The federal pharmacy program leading the vaccination effort in long-term care facilities, Parkinson said, is “going pretty well.” He said he anticipates that states will meet AHCA / NCAL’s challenge to have all second doses of vaccine administered in long-term care residents by March 1.

Rina Shah, group vice president for Walgreens pharmacy operations and services, said that the company has 240,000 employees working through the federal pharmacy partnership to deliver vaccines to 35,000 long-term care facilities. As of Wednesday, Walgreens administered over 500,000 vaccine doses through 6,000 clinics, with another 6,000 clinics scheduled next week. She said 95% of skilled nursing facility residents will have had their first dose of vaccine by Jan. 25.

Assisted living waits

Nicole Howell, executive director of California-based Ombudsman Services of Contra Costa, Solano and Alameda Counties, which advocates for long-term care residents, said that although vaccination is going well in skilled nursing facilities, residents of assisted living and other residential care settings are “confused and concerned” by misinformation or a lack of information.

“They are at a breaking point,” Howell said. “We’ve been fighting a battle, and we’re exhausted. We’re told help is just the next mountain range, and that the pharmacy partnership has been activated, and yet it’s not getting to us fast enough.”

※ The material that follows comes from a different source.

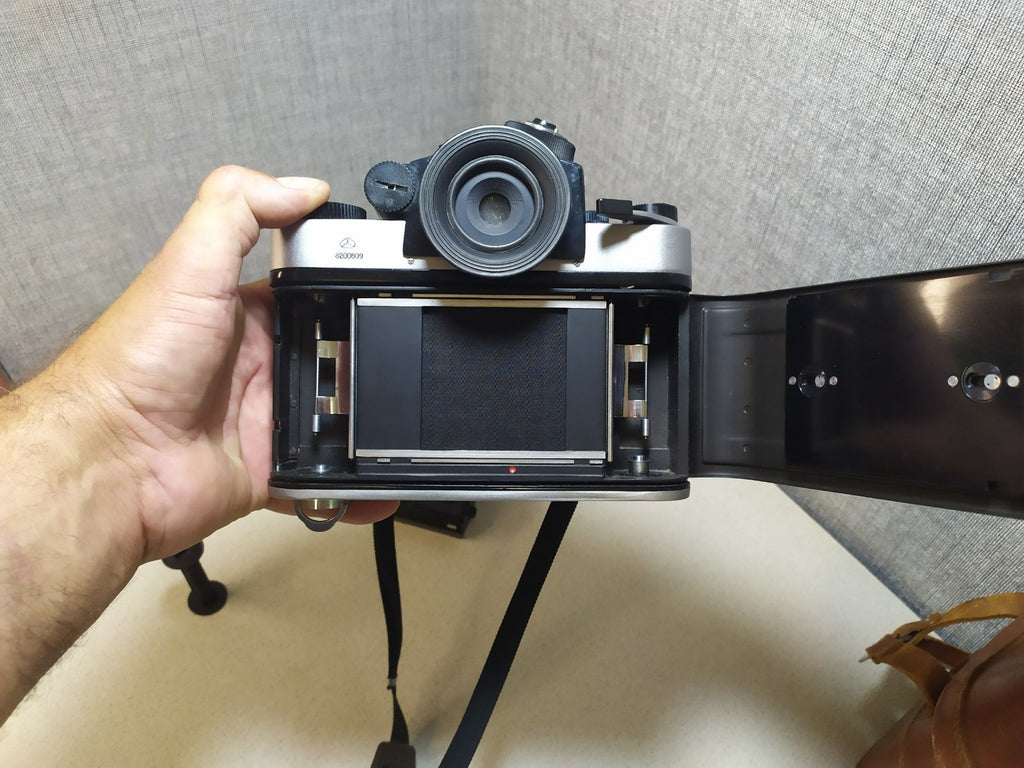 Kiev 6C 6x6 SLR with TTL prism viewfinder attached – detail 11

The increase in vaccination in the assisted living population is thanks to local public health departments and counties, Howell said. Those local health entities are seeing the strain of facility outbreaks on local hospitals, she said, and they are stepping up and taking vaccinations off the top of their allocations and diverting them to long-term care.

“For residents, we are at a place of real desperation and a real decision point as to how we treat those in long-term care,” Howell said, adding that local healthcare entities need to ensure that all long-term care residents have received their first doses by Valentine’s Day.

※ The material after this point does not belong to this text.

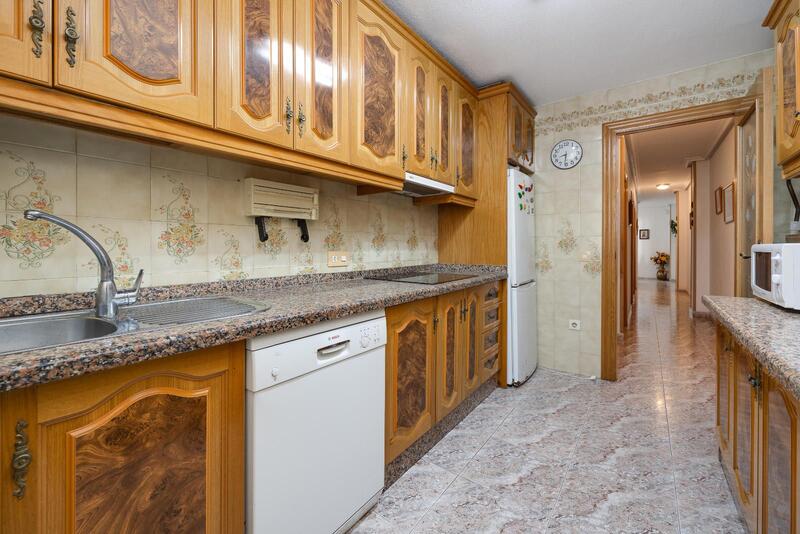 4 bedroom Apartment for sale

In assisted living communities and residential care homes, Shah said, barriers to immunization often are the administrative portion of the process and the uneven activation of different parts of the vaccination program in states. 

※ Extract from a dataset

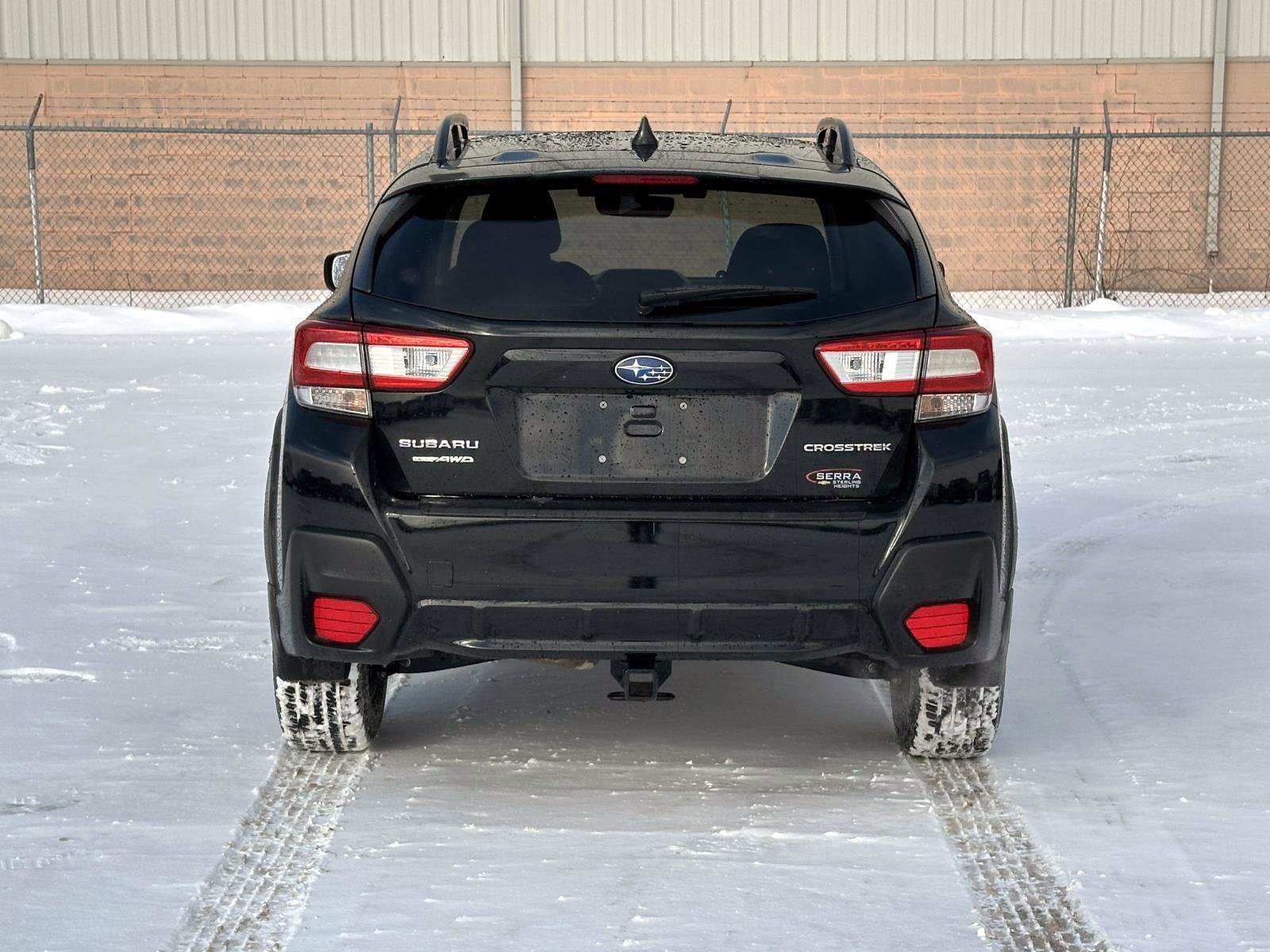 Used 2018 Subaru Crosstrek 2.0i Premium w/ Eyesight System image 4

Howell said the problem is bigger than one organization can take on. She advocated for partnerships with county public health departments and long-term care pharmacies that largely have been “cut out of the process.”

Staff hesitancy

Parkinson estimated that the staff vaccination rate after the first clinics was only approximately 50%, with some buildings reporting staff vaccination rates as low as 20%. He blamed misinformation and the lingering effect of the Tuskegee experiments as reasons for the low numbers.

“We’ve really got to redouble our effort to get uptake of staff better,” Parkinson said.

Matt Yarnell, president of SEIU Healthcare Pennsylvania and national chair of SEIU’s Nursing Home Council, said that close to 1,300 caregivers have lost their lives to COVID-19. Much work needs to be done to build trust in the workforce, he added. 

But mandating COVID-19 vaccination as a condition of employment is a “bad move,” Yarnell said.

“Take a step back and do the hard work and communication work to really meet people where they are,” he said.

Some providers are concerned that vaccination mandates will create larger staffing shortages in an industry that already has chronic staffing problems, Parkinson noted.

“The reality is, it’s hard to find people to work in these buildings,” he said, adding that he advocates for the “carrot” rather than the “stick” approach. “I’ve been encouraging providers to offer incentives and rewards and bonuses to people who get the vaccine as opposed to punishments if they don’t. But one way or another, we have to get this rate much higher than it is now.”